Strengthening Constitutional Self-Government

No Left Turns

Baylor again

Here’s the best brief explanation I’ve come across of what lies behind the battles at Baylor. A taste:

The Baylor conflict has pitted "moderate" Baptists against this diverse national coalition -- call it the ecumenical traditionalists. Are they conservatives? Yes, mostly. Are they in favor of "Christian education"? Yes, in the historic sense of the term. Are they "fundamentalists"? No, they are not. Many of the central thinkers in Baylor’s move toward the integration of faith, research and learning are Roman Catholics and mainline Protestants.

What puts the moderate Baptists at odds with the "mere Christians" represented by Sloan is the issue of "soul competency," which implies the encounter with Scripture is intensely personal, and not creedal or doctrinal. On this view, Baylor’s Baptist character is expressed extracurricularly or in religion classes. The content of the particular disciplines derives from the disciplines themselves, not from any particular Christian intellectual encounter with them. Sloan clearly challenged this view, insisting that a distinctively (albeit merely) Christian tradition inform the disciplinary self-understanding at Baylor. This isn’t fundamentalist by any stretch of the imagination, having more in common with, say, the folks at Touchstone Magazine.

Terry Mattingly, who authored the post I quoted above, says that this is the most illuminating piece that he has read about the controversy at Baylor.

For further illumination, from a point of view more sympathetic to critics of the Baylor 2012 vision, go here, here, and here. These thoughtful defenders of Baylor’s traditions cast themselves as members of a particularistic community (warts and all) against a kind of abstract "Northern" and hence alien universalism.

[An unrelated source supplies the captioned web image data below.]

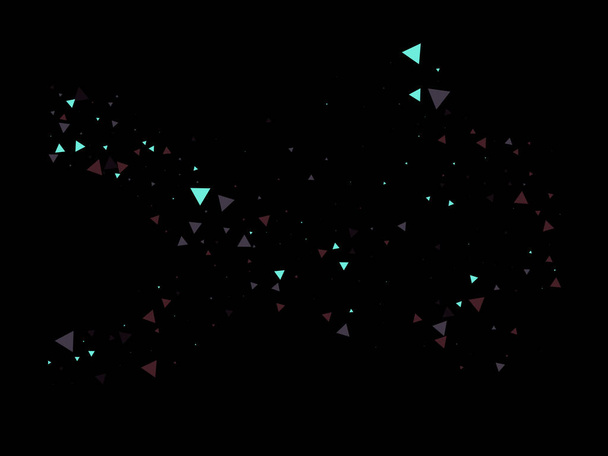 Triangle Explosion Confetti. Textured Data Elements Blast. Flying Exploded Fragments. Exploded Star Design. Broken Glass Explosive Effect. Exploded Star Shatter. Triangles Bang Moving Confetti. - Vector, Image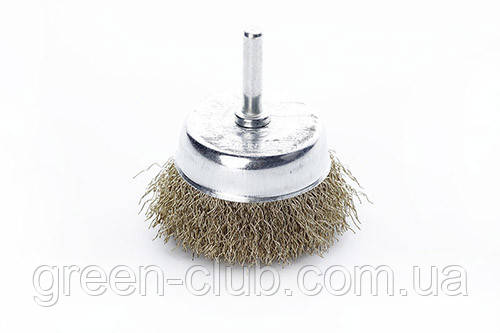 Щітка чаша латуновий дріт 75 мм (дриль) APRO 830404, фото 1
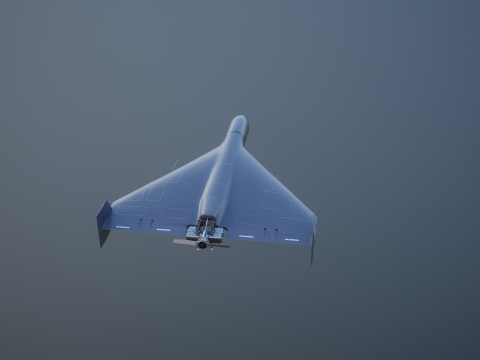 GERAN-2 无人机黑色 3D 模型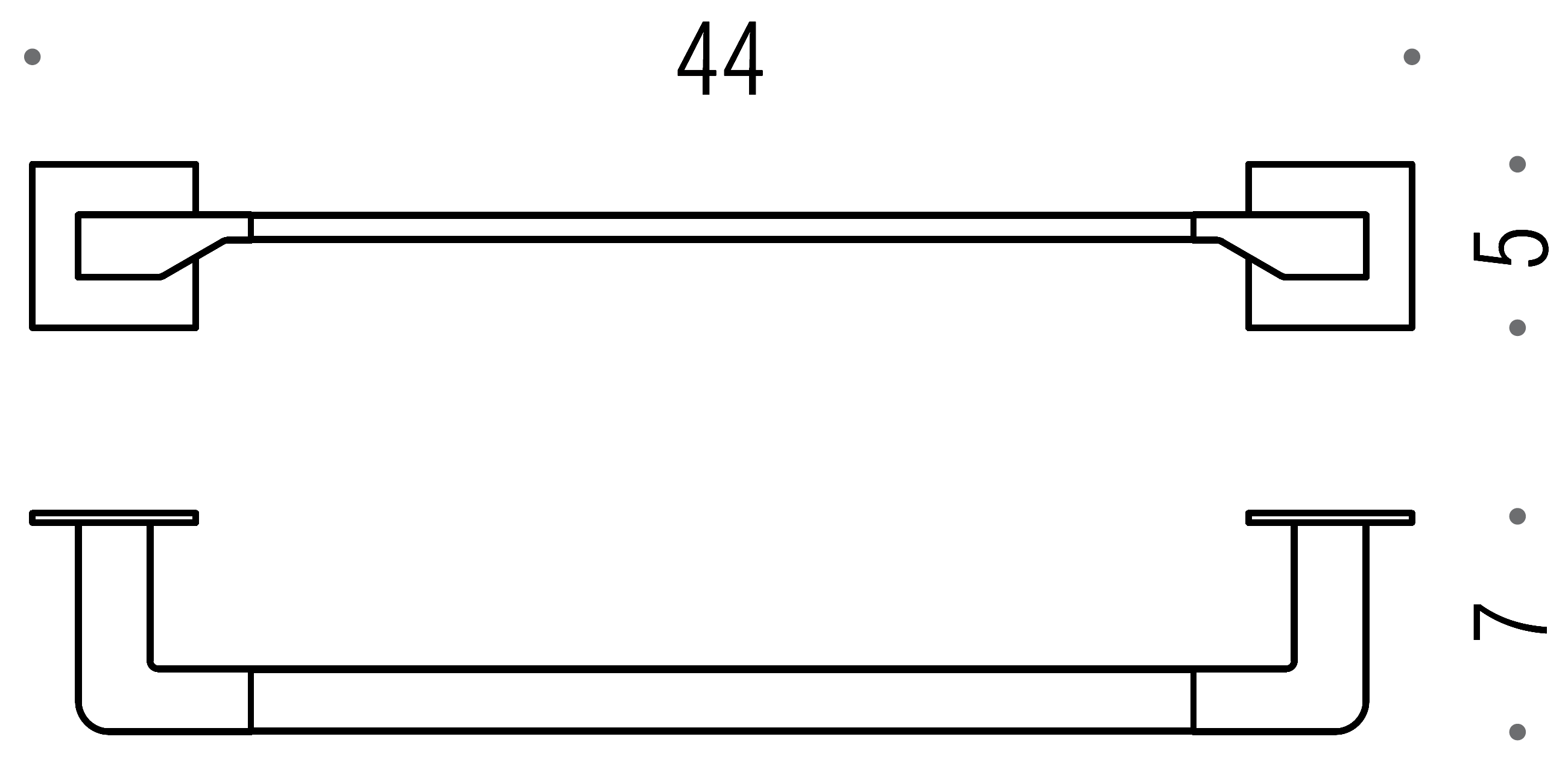 Colombo Forever B2909 Полотенцедержатель 44 см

So the Baylor battle is between two kinds of "conservatives," those who would preserve the Baylor of old, a decent regional institution that moderate Baptists "saved from the clutches of the fundamentalists," and those who would use Baylor as a vehicle--a "protestant Notre Dame"--to preserve a distinctively Christian intellectual tradition against the secularizing forces of the academy. Old Baylor couldn’t do that, but tried rather to combine Baptist piety with conventional academics. Perhaps a highly personal Baptist piety could survive that encounter, especially if the academics are both conventional and only moderately good, but it’s hard to imagine that the mix wouldn’t ultimately favor the element that had the greater intellectual force. From the outside--and I am very much the outsider--it looks to me that the Old Baylor was headed down a track toward becoming increasingly conventional and increasingly secular.